I proposed Gin Rummy, since I used to play it with both my mom and my grandma. We played it til the cards' corners were rubbed raw, but that occupied a few months of healthy competition (and a lot of friendly cussing). One day, John looked at me and said, "I'm so bored with this game." Someone had to say it. So we moved on.
John produced his great-grandfather's cribbage set. We watched some YouTube videos on how to play it and over wine-soaked late nights, slowly got the hang of it. (As I drank more wine, John got better. How does that work?) Cribbage is a beautifully interesting game because it has layers; you have to pay attention, count cards, do math, and hope for a little strategy via good luck. Soon that lost some of its luster as well, so we bounced on.
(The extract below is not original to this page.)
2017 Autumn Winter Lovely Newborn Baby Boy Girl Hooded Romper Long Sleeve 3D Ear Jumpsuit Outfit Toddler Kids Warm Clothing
We circled back to Gin for awhile before we decided it was time for a new game.
Enter Shut-The-Box, a lovely Christmas present from John's grandma. It's an old English pub game, apparently, and it involves (again) some luck and some strategy to create combinations of numbers to score lower than your opponent. It moves quickly, too, so that creates opportunities for a heightened heart rate. Today, we found out that there are variations in how it's played from one of my dearest friends who'd recently discovered the game. So add variations on Shut-The-Box to my to-do list!
Our neighborhood has an awesome secondhand store named Family Tree. (If you're ever in Lincoln Square, go! It has delightful treasures at ridiculously low prices and every time you shop or donate, some of the store's wares go to charities in need.) We found an unopened box of Trivial Pursuit from 1981 for a few dollars. I remembered playing that with my parents every New Years Eve and threw it in our shopping basket. We've been playing an ongoing game for the last 3 days and I think this will remain a tradition until we need a break from that, too. (Disclaimer here -- there are a few not-PC cards. I do not endorse that shit. I do endorse remembering who wrote Wuthering Heights and where the Ambassador Bridge is located.)
The cool thing about these old games is that they do provide a lot of engaging fun and they create space for conversation. No doubt that's because they were all designed well before the internet (or even decent television, honestly) was widely accessible. Long nights could be spent with your friends or family playing them because you simply had the time. I kind of like that better than the fast paced party game (for now...there's a time and a place and an open bar for those). As technology-avoidant people when it's not necessary, they've been a great way to burn some time and have a few laughs (or threats - haha).
Do you have any favorite 2-person or older games? I want to acquire them all!
Until tomorrow, play on, playettes. (I had to say something hip-ish in this blog post...geez.)